• Requirement
No pictures belong in the answer. Repeat all the entries exactly.

• Given data

..............................

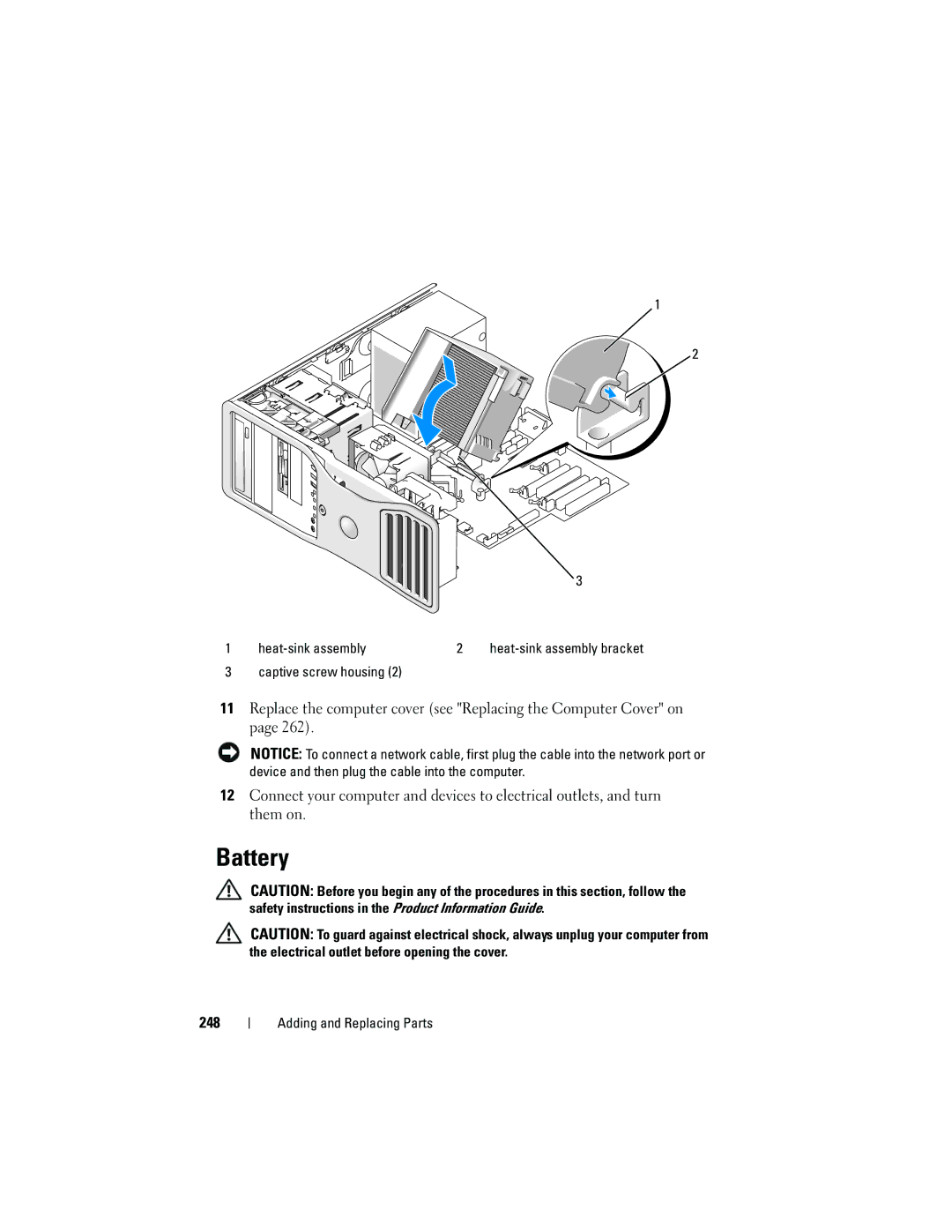 Dell T3400 manual Battery, 248, Captive screw housing 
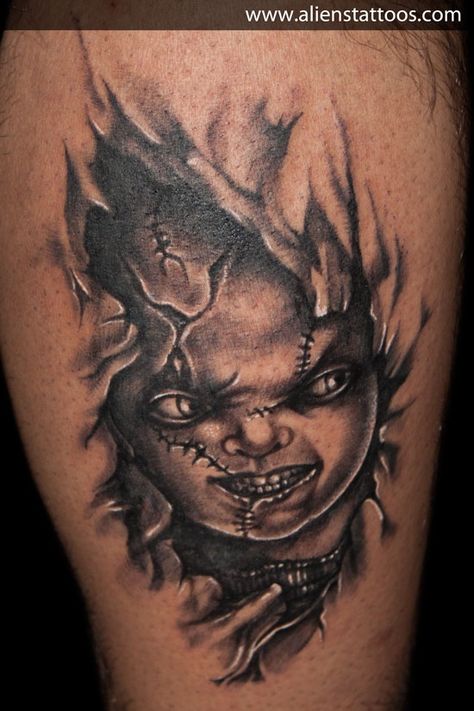 Chucky Tattoo Money Bag Tattoo, Aliens Tattoo, Chucky Tattoo, Tattoo Style Art, Girl Arm Tattoos, Money Tattoo, Movie Tattoos, Flame Tattoos, Wicked Tattoos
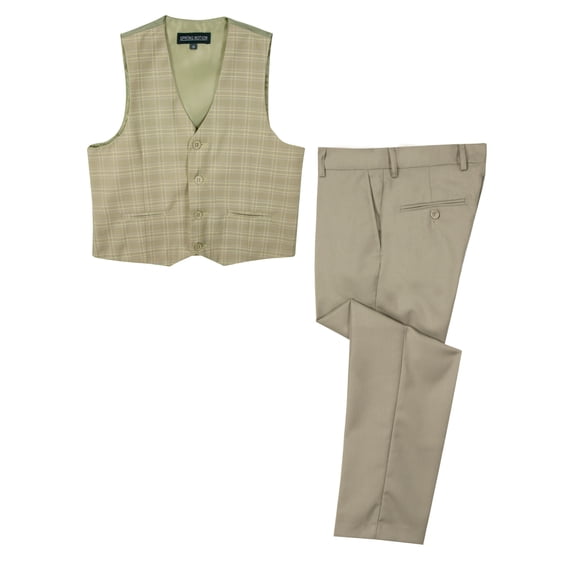Spring Notion Boys' Plaid Vest and Pants Set, Tan 12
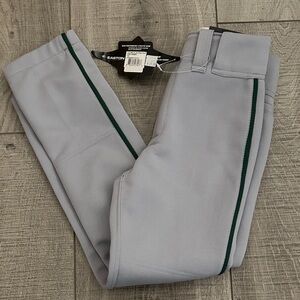 New Youth YM Pro Plus Green Piped Grey Baseball Pants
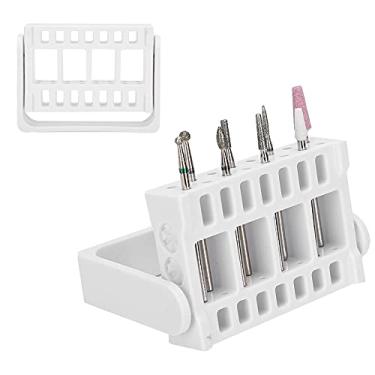Imagem de Sonew Suporte de brocas de unhas com 6 furos para unhas e ferramentas de manicure polidas, caixa de armazenamento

..............................

• Exercise solution
 Dell T3400 manual Battery, 248, Captive screw housing 
 Chucky Tattoo Money Bag Tattoo, Aliens Tattoo, Chucky Tattoo, Tattoo Style Art, Girl Arm Tattoos, Money Tattoo, Movie Tattoos, Flame Tattoos, Wicked Tattoos
Spring Notion Boys' Plaid Vest and Pants Set, Tan 12
 New Youth YM Pro Plus Green Piped Grey Baseball Pants
Imagem de Sonew Suporte de brocas de unhas com 6 furos para unhas e ferramentas de manicure polidas, caixa de armazenamento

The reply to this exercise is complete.